- AVAILABLE DATA:
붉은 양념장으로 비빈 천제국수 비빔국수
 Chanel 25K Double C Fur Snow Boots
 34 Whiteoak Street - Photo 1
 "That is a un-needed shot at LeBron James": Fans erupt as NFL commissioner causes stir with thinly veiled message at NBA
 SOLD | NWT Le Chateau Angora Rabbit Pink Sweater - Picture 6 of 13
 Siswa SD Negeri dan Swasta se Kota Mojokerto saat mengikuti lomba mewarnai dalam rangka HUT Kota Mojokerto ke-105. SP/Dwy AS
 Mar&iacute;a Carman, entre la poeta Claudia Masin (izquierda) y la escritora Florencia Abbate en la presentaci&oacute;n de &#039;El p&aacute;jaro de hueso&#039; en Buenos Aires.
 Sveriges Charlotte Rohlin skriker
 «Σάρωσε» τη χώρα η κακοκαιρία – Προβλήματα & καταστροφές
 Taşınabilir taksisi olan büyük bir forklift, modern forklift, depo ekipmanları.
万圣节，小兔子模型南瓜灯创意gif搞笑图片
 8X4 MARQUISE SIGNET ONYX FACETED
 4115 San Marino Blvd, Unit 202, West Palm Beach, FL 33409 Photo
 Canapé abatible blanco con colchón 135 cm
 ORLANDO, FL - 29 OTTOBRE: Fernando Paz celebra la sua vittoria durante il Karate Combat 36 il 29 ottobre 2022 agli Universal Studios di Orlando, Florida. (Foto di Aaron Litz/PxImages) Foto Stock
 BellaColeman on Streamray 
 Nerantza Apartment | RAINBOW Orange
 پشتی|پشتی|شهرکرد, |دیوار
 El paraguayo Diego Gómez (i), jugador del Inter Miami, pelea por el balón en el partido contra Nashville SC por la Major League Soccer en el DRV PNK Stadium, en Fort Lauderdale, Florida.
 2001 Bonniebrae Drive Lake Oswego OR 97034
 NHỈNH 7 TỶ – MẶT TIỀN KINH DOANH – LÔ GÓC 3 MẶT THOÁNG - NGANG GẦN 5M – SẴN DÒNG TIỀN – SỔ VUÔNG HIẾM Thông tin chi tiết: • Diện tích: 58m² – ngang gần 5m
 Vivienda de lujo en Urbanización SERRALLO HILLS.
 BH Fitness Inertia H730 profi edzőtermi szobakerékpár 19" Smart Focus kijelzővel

- WORK INSTRUCTION: Copy the material above, keeping every line exactly as it stands.

- ANSWER TO THE EXERCISE:
붉은 양념장으로 비빈 천제국수 비빔국수
 Chanel 25K Double C Fur Snow Boots
 34 Whiteoak Street - Photo 1
 "That is a un-needed shot at LeBron James": Fans erupt as NFL commissioner causes stir with thinly veiled message at NBA
 SOLD | NWT Le Chateau Angora Rabbit Pink Sweater - Picture 6 of 13
 Siswa SD Negeri dan Swasta se Kota Mojokerto saat mengikuti lomba mewarnai dalam rangka HUT Kota Mojokerto ke-105. SP/Dwy AS
 Mar&iacute;a Carman, entre la poeta Claudia Masin (izquierda) y la escritora Florencia Abbate en la presentaci&oacute;n de &#039;El p&aacute;jaro de hueso&#039; en Buenos Aires.
 Sveriges Charlotte Rohlin skriker
 «Σάρωσε» τη χώρα η κακοκαιρία – Προβλήματα & καταστροφές
 Taşınabilir taksisi olan büyük bir forklift, modern forklift, depo ekipmanları.
万圣节，小兔子模型南瓜灯创意gif搞笑图片
 8X4 MARQUISE SIGNET ONYX FACETED
 4115 San Marino Blvd, Unit 202, West Palm Beach, FL 33409 Photo
 Canapé abatible blanco con colchón 135 cm
 ORLANDO, FL - 29 OTTOBRE: Fernando Paz celebra la sua vittoria durante il Karate Combat 36 il 29 ottobre 2022 agli Universal Studios di Orlando, Florida. (Foto di Aaron Litz/PxImages) Foto Stock
 BellaColeman on Streamray 
 Nerantza Apartment | RAINBOW Orange
 پشتی|پشتی|شهرکرد, |دیوار
 El paraguayo Diego Gómez (i), jugador del Inter Miami, pelea por el balón en el partido contra Nashville SC por la Major League Soccer en el DRV PNK Stadium, en Fort Lauderdale, Florida.
 2001 Bonniebrae Drive Lake Oswego OR 97034
 NHỈNH 7 TỶ – MẶT TIỀN KINH DOANH – LÔ GÓC 3 MẶT THOÁNG - NGANG GẦN 5M – SẴN DÒNG TIỀN – SỔ VUÔNG HIẾM Thông tin chi tiết: • Diện tích: 58m² – ngang gần 5m
 Vivienda de lujo en Urbanización SERRALLO HILLS.
 BH Fitness Inertia H730 profi edzőtermi szobakerékpár 19" Smart Focus kijelzővel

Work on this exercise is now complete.